Come il prototipo statunitense, il film è girato come un lungo documentario, con le riprese delle varie videocamere sparse nella casa a mostrare gli eventi che terrorizzano i due protagonisti, puntando sulla moltiplicazione dei punti di vista (ora ad essere ripresa non è più solo la stanza della ragazza) ma mantenendo sostanzialmente inalterata la struttura di base dell'originale (e del relativo sequel statunitense). Se già i due suddetti film non esaltavano, puntando a una concezione della paura che di fatto prescindeva dalla tecnica cinematografica per sfruttare il presunto realismo delle immagini, il regista Toshikazu Nagae riesce a fare di peggio: suscitando a più riprese irrefrenabili risate che hanno scosso come raramente era successo la platea del Teatro Nuovo di Udine, e che donano almeno al film quella involontaria patina di so bad it's good che lo salva, se non altro, dalla noia.
Noia che invece affiora, inesorabile, nel conclusivo Seru, film malese diretto dai due registi Ming Woo e Pierre Andre, parte di una new wave orrorifica che negli ultimi anni ha attirato molti spettatori nelle sale cinematografiche locali. Il film è anch'esso un finto documentario, che mostra il lavoro di una troupe cinematografica malese intenta a girare un horror all'interno della foresta pluviale, e che si trova a dover fare i conti con strani, e sempre più inquietanti, fenomeni di possessione. Il film, mostrato allo spettatore attraverso le videocamere deputate a girare il making of dell'horror in questione, ha i suoi evidenti referenti nello statunitense The Blair Witch Project e nella stessa serie dei Paranormal Activity: ma i due registi scelgono, anche in questo caso, di dimenticare completamente di star girando (in realtà) un'opera dedicata ad un pubblico, frammentano e rendono oltremodo confusa l'azione, mostrano anche i momenti più truculenti con una tale piattezza e assenza di impatto da suscitare una profusione di sbadigli (non derivati, soltanto, dalla collocazione del film nella proiezione di mezzanotte). Gli sviluppi della trama, oltretutto, risultano presto più che prevedibili, e vengono successivamente e puntualmente confermati.

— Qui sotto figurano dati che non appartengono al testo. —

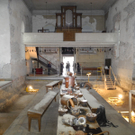 Pountny in der Johanniterkirche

Si può dire, se vogliamo tracciare un "bilancio" di questa ben poco terrificante Horror Night, che, se un titolo come l'iniziale Bedevilled avrebbe trovato, fino a qualche anno fa, una tranquilla collocazione nella fascia mattutina o pomeridiana del più corposo Horror Day, le due pellicole successive non avrebbero probabilmente neanche avuto diritto di cittadinanza nel programma del festival friulano, data la loro qualità obiettivamente bassa. Non basta il richiamo ad una saga di successo come quella di Paranormal Activity (successo tra l'altro - ma questo è il parere di chi scrive - costruito a tavolino e del tutto prescindente dalla qualità artistica) a giustificare l'inserimento di un film in un cartellone comunque, nel suo complesso, ricco anche quest'anno di proposte interessanti. Questa Horror Night insomma, lo ripetiamo, sarebbe proprio stato il caso per quest'anno di tralasciarla. Da parte nostra, da spettatori affezionati tanto del genere quanto dello stesso Far East, ci mettiamo in paziente attesa di una prossima selezione orrorifica (giornaliera o notturna, poco importa) che sia degna del suo nome e della sua fama.